Tourists cash in on sliding Aussie dollar

OVERSEAS tourists and Australia's $24 billion tourism industry stand to gain most from this week's collapse in the value of the Australian dollar.

As the Aussie dollar traded at a low of US70.90 cents yesterday, Northern Rivers Tourism Chief Executive Russell Mills said the depressed tourism industry was hopeful of a turnaround, despite the current global economic crisis.

The slide in the dollar has already given overseas tourists visiting the North Coast an unexpected increase in their spending power, which has allowed visitors like Peter Mustelin, from Finland, to spend that little extra during his eight-week stay.
“I have already noticed a difference and I'm not feeling guilty about spending money I have not budgeted for,” he said.

Mr Mustelin, who has been staying with friends at Suffolk Park, has travelled from the Gold Coast to Byron Bay in the past two weeks.

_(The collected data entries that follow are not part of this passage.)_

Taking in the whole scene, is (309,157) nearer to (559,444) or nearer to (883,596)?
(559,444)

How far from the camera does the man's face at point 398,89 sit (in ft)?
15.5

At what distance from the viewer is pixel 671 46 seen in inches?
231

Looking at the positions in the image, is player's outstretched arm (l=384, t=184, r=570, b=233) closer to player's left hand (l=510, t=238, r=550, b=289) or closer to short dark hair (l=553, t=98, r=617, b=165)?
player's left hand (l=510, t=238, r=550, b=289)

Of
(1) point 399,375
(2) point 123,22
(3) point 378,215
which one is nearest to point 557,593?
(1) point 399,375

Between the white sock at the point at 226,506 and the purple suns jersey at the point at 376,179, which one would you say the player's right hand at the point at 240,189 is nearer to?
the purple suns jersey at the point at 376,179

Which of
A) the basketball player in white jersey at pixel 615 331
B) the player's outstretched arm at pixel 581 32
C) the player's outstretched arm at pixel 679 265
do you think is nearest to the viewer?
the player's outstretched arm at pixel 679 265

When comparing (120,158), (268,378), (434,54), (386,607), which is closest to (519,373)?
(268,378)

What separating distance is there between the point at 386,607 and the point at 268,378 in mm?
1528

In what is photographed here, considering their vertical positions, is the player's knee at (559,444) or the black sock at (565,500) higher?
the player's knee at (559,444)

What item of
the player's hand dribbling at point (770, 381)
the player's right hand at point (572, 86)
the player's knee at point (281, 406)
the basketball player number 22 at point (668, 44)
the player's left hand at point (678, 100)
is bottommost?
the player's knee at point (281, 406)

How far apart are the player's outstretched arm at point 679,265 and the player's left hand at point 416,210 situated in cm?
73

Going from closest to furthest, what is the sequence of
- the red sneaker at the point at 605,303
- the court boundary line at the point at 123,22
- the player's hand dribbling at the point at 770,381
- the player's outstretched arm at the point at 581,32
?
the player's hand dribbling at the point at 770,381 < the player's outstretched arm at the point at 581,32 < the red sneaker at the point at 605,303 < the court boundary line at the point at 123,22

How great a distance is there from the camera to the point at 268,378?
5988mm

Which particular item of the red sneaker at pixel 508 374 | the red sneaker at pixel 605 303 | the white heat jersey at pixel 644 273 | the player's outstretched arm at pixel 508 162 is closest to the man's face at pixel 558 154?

“I have just decided to rent a car for a week to go on a road trip to Sydney. I was able to do this because of the dollar's fall,” Mr Mustelin said.

Mr Mills said exchange rate fluctuations would not have an immediate effect in attracting tourists, as visitors usually booked flights around three months in advance.

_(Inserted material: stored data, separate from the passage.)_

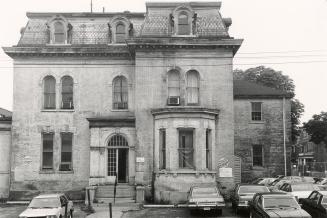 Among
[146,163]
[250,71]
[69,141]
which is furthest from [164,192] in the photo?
[250,71]

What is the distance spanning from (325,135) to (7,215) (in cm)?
3949

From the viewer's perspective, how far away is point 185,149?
28.8 m

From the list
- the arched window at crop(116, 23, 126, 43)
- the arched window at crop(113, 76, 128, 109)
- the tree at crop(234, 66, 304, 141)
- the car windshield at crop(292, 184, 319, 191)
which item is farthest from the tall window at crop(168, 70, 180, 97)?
the tree at crop(234, 66, 304, 141)

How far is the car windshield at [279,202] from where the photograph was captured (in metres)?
17.9

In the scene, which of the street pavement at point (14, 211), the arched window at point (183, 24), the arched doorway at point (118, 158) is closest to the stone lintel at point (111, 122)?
the arched doorway at point (118, 158)

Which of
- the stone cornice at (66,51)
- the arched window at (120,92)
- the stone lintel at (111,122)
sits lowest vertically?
the stone lintel at (111,122)

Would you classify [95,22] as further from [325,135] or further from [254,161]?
[325,135]

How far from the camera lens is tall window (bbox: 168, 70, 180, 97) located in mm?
30438

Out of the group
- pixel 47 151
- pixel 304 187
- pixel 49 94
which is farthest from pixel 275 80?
pixel 304 187

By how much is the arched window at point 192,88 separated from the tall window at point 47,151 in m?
9.47

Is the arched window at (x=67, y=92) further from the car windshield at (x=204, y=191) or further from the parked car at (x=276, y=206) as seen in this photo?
the parked car at (x=276, y=206)

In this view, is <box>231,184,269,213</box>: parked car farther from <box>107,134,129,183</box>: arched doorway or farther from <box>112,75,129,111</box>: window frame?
<box>112,75,129,111</box>: window frame

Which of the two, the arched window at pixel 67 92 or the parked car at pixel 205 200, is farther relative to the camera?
the arched window at pixel 67 92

“However, it will have an immediate impact for the industry in that those tourists already here have more disposable cash to spend,” Mr Mills said.

“Tourists on the North Coast now have that extra cash to do activities and visit attractions they may not have ordinarily done.”

Mr Mills said the North Coast's tourism industry had suffered in the past year due to economic factors, interest rates, fuel prices and the bad weather.

“Australia ranks well in the Western world for great value, so I have no doubt the number of visitors coming here will improve,” he said.

Tourism Australia estimates about 5.6 million overseas tourists have visited Australia already this year.

It forecasts that number will grow to 8.7 million by 2017, although global economic uncertainty can affect these figures.